Here is what's in smbd.log: [2015/03/30 02:49:06.359810, 1, pid=45373] ../source3/lib/messages_dgm.c:269(messaging_dgm_init) unix_msg_init failed: Address already in use [2015/03/30 02:49:06.366289, 0, pid=45373] ../source3/lib/messages.c:346(messaging_reinit) messaging_dgm_init failed: Address already in use [2015/03/30 02:49:06.366463, 0, pid=45373] ../source3/lib/util.c:480(reinit_after_fork) messaging_reinit() failed: NT_STATUS_ADDRESS_ALREADY_ASSOCIATED [2015/03/30 02:49:06.366687, 0, pid=45373] ../source3/smbd/server.c:623(smbd_accept_connection) reinit_after_fork() failed [2015/03/30 02:49:06.366874, 0, pid=45373] ../source3/lib/util.c:788(smb_panic_s3) PANIC (pid 45373): reinit_after_fork() failed [2015/03/30 02:49:06.368445, 0, pid=45373] ../source3/lib/util.c:899(log_stack_trace) BACKTRACE: 10 stack frames: #0 /tmw-nas-3p/samba/lib/libsmbconf.so.0'log_stack_trace+0x26 [0xfffffd7ff95275e6] #1 /tmw-nas-3p/samba/lib/libsmbconf.so.0'smb_panic_s3+0x21 [0xfffffd7ff95276b2] #2 /tmw-nas-3p/samba/lib/libsamba-util.so.0.0.1'smb_panic+0x31 [0xfffffd7ffa93e2c1] #3 /tmw-nas-3p/samba/sbin/smbd'smbd_accept_connection+0x341 [0x40bc11] #4 /tmw-nas-3p/samba/lib/libsmbconf.so.0'run_events_poll+0x168 [0xfffffd7ff953c808] #5 /tmw-nas-3p/samba/lib/libsmbconf.so.0's3_event_loop_once+0xd3 [0xfffffd7ff953ca63] #6 /tmw-nas-3p/samba/lib/private/libtevent.so.0.9.22'_tevent_loop_once+0x8d [0xfffffd7ffa0579cd] #7 /tmw-nas-3p/samba/lib/private/libtevent.so.0.9.22'tevent_common_loop_wait+0x23 [0xfffffd7ffa057b93] #8 /tmw-nas-3p/samba/sbin/smbd'main+0x138a [0x40d6ba] #9 /tmw-nas-3p/samba/sbin/smbd'_start+0x6c [0x4085dc] [2015/03/30 02:49:06.369651, 0, pid=45373] ../source3/lib/dumpcore.c:318(dump_core) dumping core in /tmw-nas-3p/samba/var/cores/smbd
We've struggled with this issue for a few weeks.
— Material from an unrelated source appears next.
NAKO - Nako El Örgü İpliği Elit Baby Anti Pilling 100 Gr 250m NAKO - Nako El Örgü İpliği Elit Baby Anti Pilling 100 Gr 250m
Our debug version of samba shows that the socket file samba/var/cache/msg/<pid> file does not exist before the bind() call, but bind() fails with EADDRINUSE very sporadically, which is extremely weird. First we thought it might be an OS issue, so we dug deeper into the kernel implementation of the bind() and related stuff, we found out that when doing bind(), the kernel uses the vnode pointer of the socket file as a hash key, if such a key already exists in the hash table, it returns EADDRINUSE. The key is removed from the hash table when closing the socket fd. Apparently things can go wrong if the socket file is unlinked first, and then socket fd is closed, since the OS can reuse the vnode pointer for newer socket file once it is unlinked. Here is when the socket file is removed: source3/lib/unix_msg/unix_msg.c static int unix_dgram_free(struct unix_dgram_ctx *ctx) { if (ctx->send_queues != NULL) { return EBUSY; } if (ctx->send_pool != NULL) { int ret = pthreadpool_destroy(ctx->send_pool); if (ret != 0) { return ret; } ctx->ev_funcs->watch_free(ctx->pool_read_watch); } ctx->ev_funcs->watch_free(ctx->sock_read_watch); if (getpid() == ctx->created_pid) { /* If we created it, unlink. Otherwise someone else might * still have it open */ unlink(ctx->path); } close(ctx->sock); free(ctx->recv_buf); free(ctx); return 0; } I believe the unlink() should be moved after close(ctx->sock), which makes sense to me. This should fix the issue. My co-worker Ken Harris has a C program which can be used to reproduce this behavior. If needed, we can post it here.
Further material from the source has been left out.